Deathbed Instructions to Attorneys Did Not Amend Trust

October 27, 2020 | Kitt Tovar

On October 7, 2020, the Iowa Court of Appeals issued an opinion on whether a document signed by the trust grantor the day before he passed away was an amendment to his estate plan or merely instructions to his attorneys to redraft the plan. Because the document was “vague, obscure, and ambiguous,” the court affirmed that it was not an amendment to the trust.


In 1993, a wealthy Iowan created a revocable trust that held almost all of his assets. In 2017, the grantor amended the trust to create two groups of beneficiaries. The first group included his children’s lineal descendants, and the second group consisted of charities. The amendment did not provide for his children, because he believed that his five children had “been adequately provided for by [the grantor] during [his] lifetime.”

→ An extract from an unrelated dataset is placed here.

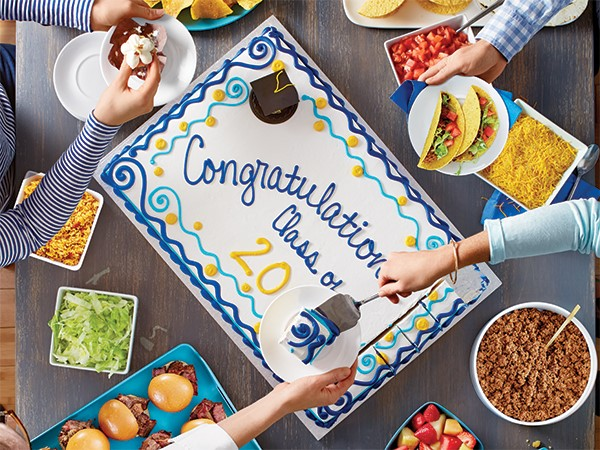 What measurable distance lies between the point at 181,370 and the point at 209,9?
3.14ft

The trust directed that approximately six million dollars in assets would be distributed to the charities. The grantor also issued a promissory note payable to a Des Moines church to be set at an amount necessary to avoid “federal estate taxes and generation skipping taxes.”

Two months after he executed the amendment, the grantor’s health began to decline. After learning of his grandfather’s declining health, one of the grantor’s grandsons came to visit. Having regularly discussed the estate plan with the grantor, the grandson set up a meeting with his grandfather’s two estate planning attorneys, with his permission. There, the grandson learned that the actual amount to be gifted to the charities was much higher than he expected. He also learned that there was some uncertainty about lifetime exclusions.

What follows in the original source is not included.